TO DO ▸ In the records below, find the line that contains "Hello everyone, I'm" and the line that contains "After signing up, download", then retype exactly those two lines and every line between them.

╭─ EXERCISE INPUT

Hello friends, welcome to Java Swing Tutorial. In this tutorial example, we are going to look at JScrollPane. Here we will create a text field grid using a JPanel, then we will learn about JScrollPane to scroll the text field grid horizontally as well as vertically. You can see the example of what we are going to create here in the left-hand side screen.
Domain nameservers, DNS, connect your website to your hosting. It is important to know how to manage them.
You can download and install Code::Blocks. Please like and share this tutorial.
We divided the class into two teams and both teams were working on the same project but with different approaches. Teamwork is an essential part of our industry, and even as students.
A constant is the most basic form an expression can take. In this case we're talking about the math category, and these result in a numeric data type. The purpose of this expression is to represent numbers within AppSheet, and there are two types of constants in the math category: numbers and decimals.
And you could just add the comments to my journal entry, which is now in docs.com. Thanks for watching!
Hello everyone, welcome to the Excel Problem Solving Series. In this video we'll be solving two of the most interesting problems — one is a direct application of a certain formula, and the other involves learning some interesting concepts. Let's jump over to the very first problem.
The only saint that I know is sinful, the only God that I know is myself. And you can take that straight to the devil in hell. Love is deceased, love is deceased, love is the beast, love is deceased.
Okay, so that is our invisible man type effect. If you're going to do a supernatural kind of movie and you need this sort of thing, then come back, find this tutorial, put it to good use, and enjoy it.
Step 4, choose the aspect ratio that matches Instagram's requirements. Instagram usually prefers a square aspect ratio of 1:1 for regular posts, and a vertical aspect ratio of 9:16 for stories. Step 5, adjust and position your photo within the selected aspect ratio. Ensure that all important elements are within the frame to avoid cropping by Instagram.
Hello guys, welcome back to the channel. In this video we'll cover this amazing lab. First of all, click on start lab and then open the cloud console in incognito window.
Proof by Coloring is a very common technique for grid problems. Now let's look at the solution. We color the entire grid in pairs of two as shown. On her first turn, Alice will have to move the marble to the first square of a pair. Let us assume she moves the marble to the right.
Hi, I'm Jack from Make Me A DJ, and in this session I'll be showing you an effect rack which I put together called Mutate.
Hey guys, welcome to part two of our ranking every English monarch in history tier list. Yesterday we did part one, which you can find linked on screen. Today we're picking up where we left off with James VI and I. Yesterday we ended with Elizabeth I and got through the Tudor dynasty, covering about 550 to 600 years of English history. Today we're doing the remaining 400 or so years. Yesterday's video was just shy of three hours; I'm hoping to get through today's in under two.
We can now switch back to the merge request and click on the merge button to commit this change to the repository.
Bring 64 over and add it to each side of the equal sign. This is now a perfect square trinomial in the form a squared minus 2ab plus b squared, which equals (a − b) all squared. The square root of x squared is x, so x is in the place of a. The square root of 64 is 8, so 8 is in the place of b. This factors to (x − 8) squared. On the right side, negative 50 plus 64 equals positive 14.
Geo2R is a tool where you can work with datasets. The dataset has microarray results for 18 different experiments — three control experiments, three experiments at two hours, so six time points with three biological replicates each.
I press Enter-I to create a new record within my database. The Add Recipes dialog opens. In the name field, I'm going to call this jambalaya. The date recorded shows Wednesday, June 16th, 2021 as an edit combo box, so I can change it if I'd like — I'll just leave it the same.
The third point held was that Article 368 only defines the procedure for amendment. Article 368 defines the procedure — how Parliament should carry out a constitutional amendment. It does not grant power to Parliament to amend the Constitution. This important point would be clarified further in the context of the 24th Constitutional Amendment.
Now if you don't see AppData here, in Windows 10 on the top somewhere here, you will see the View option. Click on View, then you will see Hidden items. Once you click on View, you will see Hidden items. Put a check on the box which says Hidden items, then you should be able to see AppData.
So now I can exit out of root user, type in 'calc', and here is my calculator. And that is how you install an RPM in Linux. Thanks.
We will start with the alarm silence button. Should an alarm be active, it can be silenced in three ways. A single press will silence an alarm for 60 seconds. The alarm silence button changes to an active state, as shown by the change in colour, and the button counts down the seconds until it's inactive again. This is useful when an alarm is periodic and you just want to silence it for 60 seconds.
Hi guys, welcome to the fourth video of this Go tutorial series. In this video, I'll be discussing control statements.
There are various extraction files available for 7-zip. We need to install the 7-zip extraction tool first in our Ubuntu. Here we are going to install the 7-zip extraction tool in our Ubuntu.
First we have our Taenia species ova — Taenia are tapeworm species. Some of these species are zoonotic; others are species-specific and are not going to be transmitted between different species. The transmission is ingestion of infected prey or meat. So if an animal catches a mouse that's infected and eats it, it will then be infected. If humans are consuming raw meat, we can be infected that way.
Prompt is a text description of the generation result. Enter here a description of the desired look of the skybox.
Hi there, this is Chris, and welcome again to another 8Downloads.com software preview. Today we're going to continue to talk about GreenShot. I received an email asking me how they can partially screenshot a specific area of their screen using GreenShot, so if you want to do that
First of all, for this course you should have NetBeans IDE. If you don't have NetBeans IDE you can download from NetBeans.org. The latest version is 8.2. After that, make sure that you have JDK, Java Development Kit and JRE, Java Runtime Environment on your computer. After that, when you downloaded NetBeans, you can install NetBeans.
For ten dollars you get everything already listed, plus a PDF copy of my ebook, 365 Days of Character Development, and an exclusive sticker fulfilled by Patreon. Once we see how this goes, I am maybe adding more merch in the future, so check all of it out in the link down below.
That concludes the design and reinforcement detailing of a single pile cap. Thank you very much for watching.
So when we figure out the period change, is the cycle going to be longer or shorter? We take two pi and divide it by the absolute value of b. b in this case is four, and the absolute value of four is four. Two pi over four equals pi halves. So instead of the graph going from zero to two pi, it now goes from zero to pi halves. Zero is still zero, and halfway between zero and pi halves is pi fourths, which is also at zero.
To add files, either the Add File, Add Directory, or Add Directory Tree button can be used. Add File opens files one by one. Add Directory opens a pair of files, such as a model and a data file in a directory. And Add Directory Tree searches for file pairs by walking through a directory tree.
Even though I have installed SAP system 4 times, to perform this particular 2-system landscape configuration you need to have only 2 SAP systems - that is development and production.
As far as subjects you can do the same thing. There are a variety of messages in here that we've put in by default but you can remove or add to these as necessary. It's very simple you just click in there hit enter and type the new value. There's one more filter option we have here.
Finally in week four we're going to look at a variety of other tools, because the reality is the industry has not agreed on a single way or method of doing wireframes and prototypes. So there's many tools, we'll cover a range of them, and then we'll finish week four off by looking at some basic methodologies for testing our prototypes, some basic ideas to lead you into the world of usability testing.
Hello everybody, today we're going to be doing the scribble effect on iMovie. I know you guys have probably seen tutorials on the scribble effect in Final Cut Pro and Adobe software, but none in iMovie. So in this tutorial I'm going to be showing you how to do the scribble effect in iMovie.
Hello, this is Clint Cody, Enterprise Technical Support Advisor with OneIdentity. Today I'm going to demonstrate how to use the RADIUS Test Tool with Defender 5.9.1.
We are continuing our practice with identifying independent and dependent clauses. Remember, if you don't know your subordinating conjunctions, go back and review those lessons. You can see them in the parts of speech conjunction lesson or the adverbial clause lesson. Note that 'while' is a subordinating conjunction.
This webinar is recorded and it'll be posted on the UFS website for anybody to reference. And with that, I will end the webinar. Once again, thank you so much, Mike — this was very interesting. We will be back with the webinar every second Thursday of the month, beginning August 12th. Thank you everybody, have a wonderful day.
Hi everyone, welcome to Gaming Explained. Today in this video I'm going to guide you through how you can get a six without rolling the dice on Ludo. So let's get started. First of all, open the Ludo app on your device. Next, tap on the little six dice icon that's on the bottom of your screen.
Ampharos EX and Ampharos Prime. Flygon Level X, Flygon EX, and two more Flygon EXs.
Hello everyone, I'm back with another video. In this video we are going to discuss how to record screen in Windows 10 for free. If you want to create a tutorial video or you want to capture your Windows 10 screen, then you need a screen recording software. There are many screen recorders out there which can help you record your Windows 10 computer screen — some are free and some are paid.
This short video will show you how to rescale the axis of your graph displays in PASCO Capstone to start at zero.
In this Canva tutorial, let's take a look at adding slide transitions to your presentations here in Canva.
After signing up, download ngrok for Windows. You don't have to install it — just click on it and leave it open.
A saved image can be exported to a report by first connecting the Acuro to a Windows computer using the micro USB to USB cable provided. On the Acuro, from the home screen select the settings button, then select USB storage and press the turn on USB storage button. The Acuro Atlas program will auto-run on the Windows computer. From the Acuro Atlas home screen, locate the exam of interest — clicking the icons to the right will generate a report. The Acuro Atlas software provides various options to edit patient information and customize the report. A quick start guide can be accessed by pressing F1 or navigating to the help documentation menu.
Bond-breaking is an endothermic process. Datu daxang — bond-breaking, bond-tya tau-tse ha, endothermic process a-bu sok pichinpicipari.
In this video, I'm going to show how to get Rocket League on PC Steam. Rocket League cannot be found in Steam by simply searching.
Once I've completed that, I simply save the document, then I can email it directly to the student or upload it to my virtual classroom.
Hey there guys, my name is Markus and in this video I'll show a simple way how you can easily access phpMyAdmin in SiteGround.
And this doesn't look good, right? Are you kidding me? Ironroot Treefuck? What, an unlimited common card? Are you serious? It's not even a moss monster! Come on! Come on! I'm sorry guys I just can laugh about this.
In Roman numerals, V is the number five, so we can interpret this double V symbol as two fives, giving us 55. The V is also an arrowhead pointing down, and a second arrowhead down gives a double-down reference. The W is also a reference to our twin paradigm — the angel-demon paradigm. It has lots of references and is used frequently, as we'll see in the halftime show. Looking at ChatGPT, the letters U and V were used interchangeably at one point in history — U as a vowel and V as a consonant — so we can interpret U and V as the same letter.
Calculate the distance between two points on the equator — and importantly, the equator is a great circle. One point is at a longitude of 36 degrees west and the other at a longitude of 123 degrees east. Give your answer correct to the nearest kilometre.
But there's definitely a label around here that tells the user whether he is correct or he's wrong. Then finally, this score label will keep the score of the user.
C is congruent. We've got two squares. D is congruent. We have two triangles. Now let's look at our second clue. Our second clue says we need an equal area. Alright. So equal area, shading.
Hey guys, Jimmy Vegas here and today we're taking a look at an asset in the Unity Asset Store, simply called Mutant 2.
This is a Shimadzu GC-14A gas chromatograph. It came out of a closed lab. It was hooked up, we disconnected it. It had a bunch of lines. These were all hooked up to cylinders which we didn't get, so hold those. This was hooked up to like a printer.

╰─

WRITTEN RESPONSE ▸
Hello everyone, I'm back with another video. In this video we are going to discuss how to record screen in Windows 10 for free. If you want to create a tutorial video or you want to capture your Windows 10 screen, then you need a screen recording software. There are many screen recorders out there which can help you record your Windows 10 computer screen — some are free and some are paid.
This short video will show you how to rescale the axis of your graph displays in PASCO Capstone to start at zero.
In this Canva tutorial, let's take a look at adding slide transitions to your presentations here in Canva.
After signing up, download ngrok for Windows. You don't have to install it — just click on it and leave it open.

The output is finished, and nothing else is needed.